Paul opened my eyes up to adventures like doing an entire ski season in Utah and backpacking Australia on a Working Holiday Visa. While I was traveling and seeing so much of the Southern Hemisphere, I was also falling in love.
After spending two months road-tripping from Wollongong to Port Douglas, Paul and I knew we wanted to put down roots and start building a life together. After doing another ski season in Utah, we parted ways while we applied for a De Facto visa. I spent six months in my hometown of Gainesville, Florida while he worked in Perisher, Australia. At last – my visa was approved and on Christmas Day 2010, I landed in Sydney to find my happily ever after.
By April, Paul had been lured to Mudgee, a small town 3.5 hours NW of Sydney to work in a coal mine and I followed suit 5 months later. (Not to work in a coal mine of course.)

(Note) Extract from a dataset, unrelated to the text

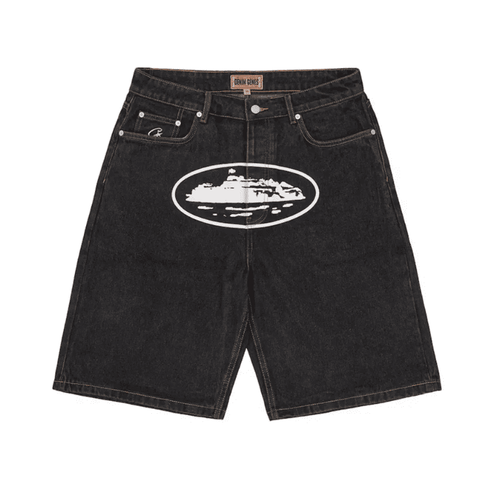 Shorts Corteiz Alcatraz Denim Washed Black - HYPER LIST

I had been dabbling with writing and wanted to write a memoir. One day, I bought a ticket to an event called ‘So You Think You Can Write’ at the Sydney Writers Festival, where people in the audience can pitch their drafts. I purely wanted to go for feedback, but serendipitously, a publisher was in the audience and liked what they heard! That’s how my debut book ‘Summerlandish: Do as I Say, Not as I Did’ got published. A few years later came my second book, ‘I Now Pronounce You Husband and Expat’.
Today, I’m a ghostwriter and am proud to still call Mudgee home some ten years later. Paul and I live with our two kids, two dogs and even my mom, who migrated in 2019!
My mom always had a fridge magnet that read, ‘Bloom where you’re Planted.’ It’s not easy moving to a new town, let alone a new country. But just like a flower that can be moved from pot to pot, you too can bloom where you are planted.”